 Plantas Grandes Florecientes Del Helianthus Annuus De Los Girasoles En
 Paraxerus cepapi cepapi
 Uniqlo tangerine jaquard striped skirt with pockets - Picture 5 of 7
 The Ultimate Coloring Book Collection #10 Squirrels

=-=-=

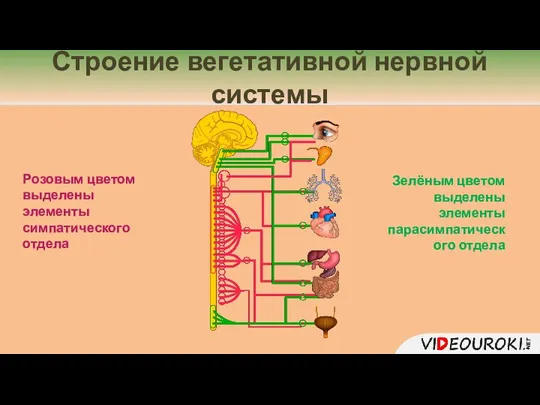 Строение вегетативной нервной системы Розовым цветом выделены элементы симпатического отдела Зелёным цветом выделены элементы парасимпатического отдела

=-=-=

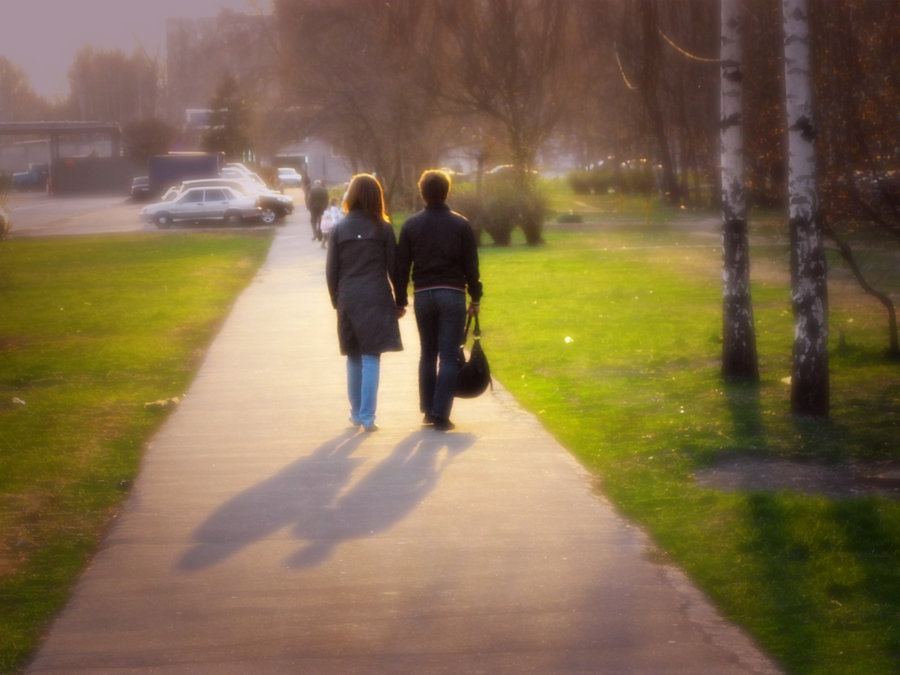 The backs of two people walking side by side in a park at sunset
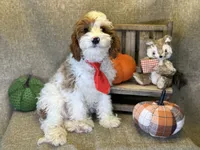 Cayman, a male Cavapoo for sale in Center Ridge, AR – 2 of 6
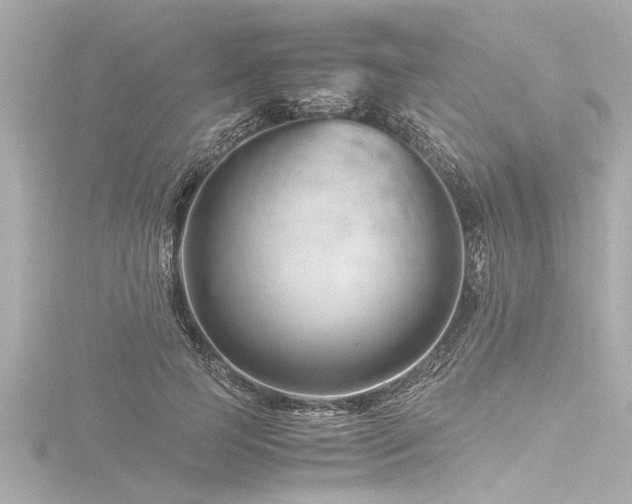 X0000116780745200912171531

=-=-=

Look above for the line containing "Plantas Grandes Florecientes" and the line containing "The Ultimate Coloring". Transcribe both, with the lines between them, exactly.

 Plantas Grandes Florecientes Del Helianthus Annuus De Los Girasoles En
 Paraxerus cepapi cepapi
 Uniqlo tangerine jaquard striped skirt with pockets - Picture 5 of 7
 The Ultimate Coloring Book Collection #10 Squirrels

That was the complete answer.